New Hampshire Senator, Jeanne Shaheen (D-NH), just reintroduced the "Right Start Child Care and Education Act," which would help make child care more affordable for working class families by amending the federal tax code.
Specifically, the Senator's legislation proposes the following:
- Increase outdated dollar limits on child care expenses for families. In particular, the bill increases the range of the credit to 35-50 percent of eligible expenses (from the current 20-35 percent), the maximum expense amount to $6,000 for one child or dependent (from $3,000), and the maximum income eligible for the maximum credit to $30,000 (from $15,000). The bill would also increase the maximum amount allowed for employer-provided flexible spending accounts for dependent care assistance to $7,500 (from $5,000) annually.
- Make the child care tax credit fully refundable. Even though the lowest-income families are eligible for the credit, they receive only a small share of the tax benefits since they have no tax liability. Making the credit refundable will enable more low-income families to access child care and get to work and will increase the tax credit’s value for middle-income families.
- Create a tax credit for educated childcare professionals. The bill would allow college graduates with degrees in early childhood education, child care, or other related subjects who work at licensed child care facilities to claim a $2,000 tax credit for up to three years.
- Increase support for businesses that provide child care benefits for employees.

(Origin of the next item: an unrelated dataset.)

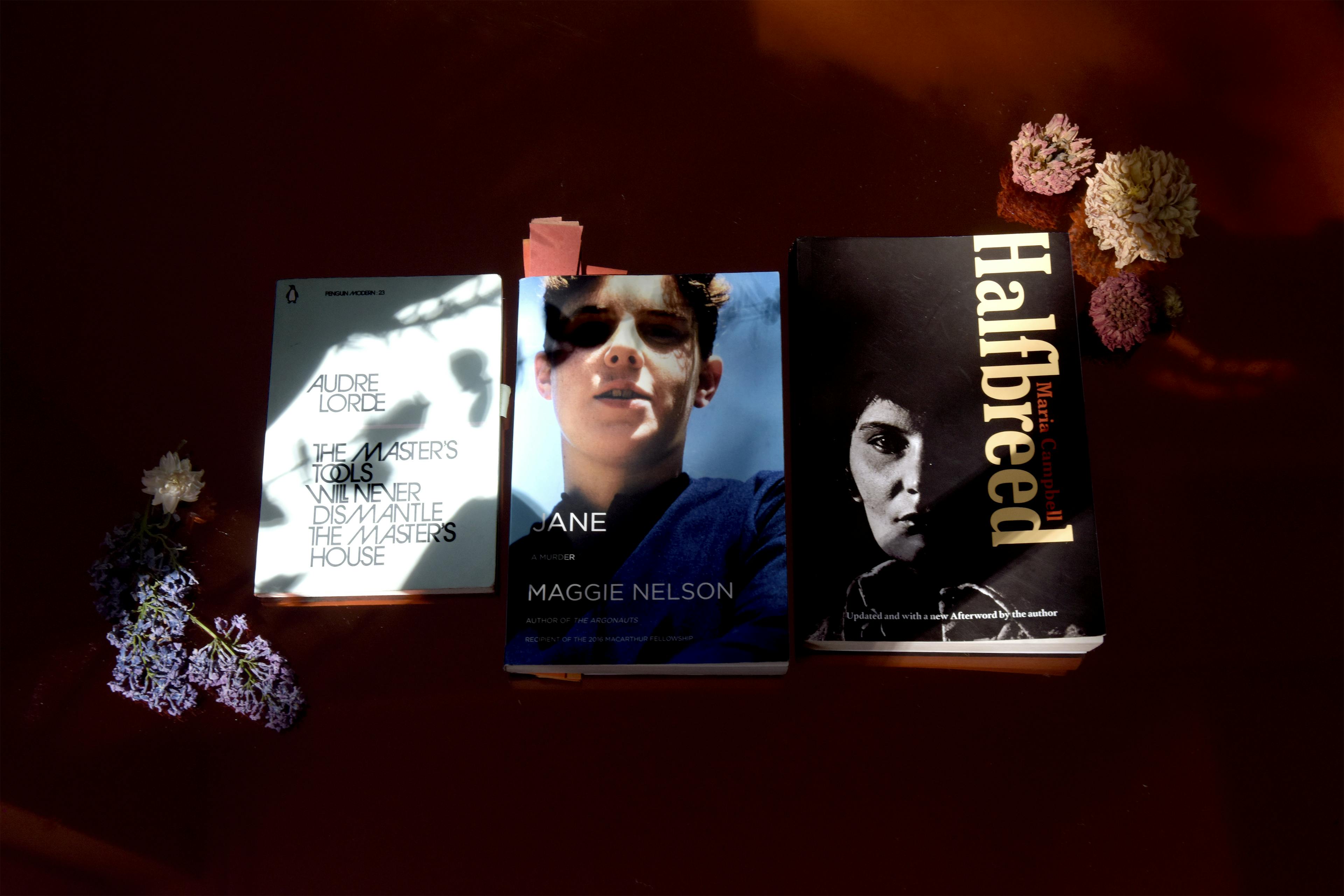 Three books are placed on a red flat surface. From the left to the right, Audre Lorde’s Poetry is Not a Luxury, Maggie Nelson’s Jane: A Murder, and Maria Campbell’s Halfbreed. 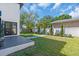 Landscaped backyard with a well-maintained lawn and a stepping stone path at 3175 10Th N Ave, St Petersburg, FL 33713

The bill would increase the tax credit for employer-provided child care to 35 percent of eligible expenses (from 25 percent) and increase the total allowable credit to $225,000 (from $150,000).
The "Right Start Child Care and Education Act" is cosponsored by three other Senators including Kirsten Gillibrand (D-NY), Brian Schatz (D-HI), and Amy Klobuchar (D-MN).
Child Care Aware® of America proudly supports this bill, and we applaud Senator Shaheen and her colleagues for their leadership on this issue.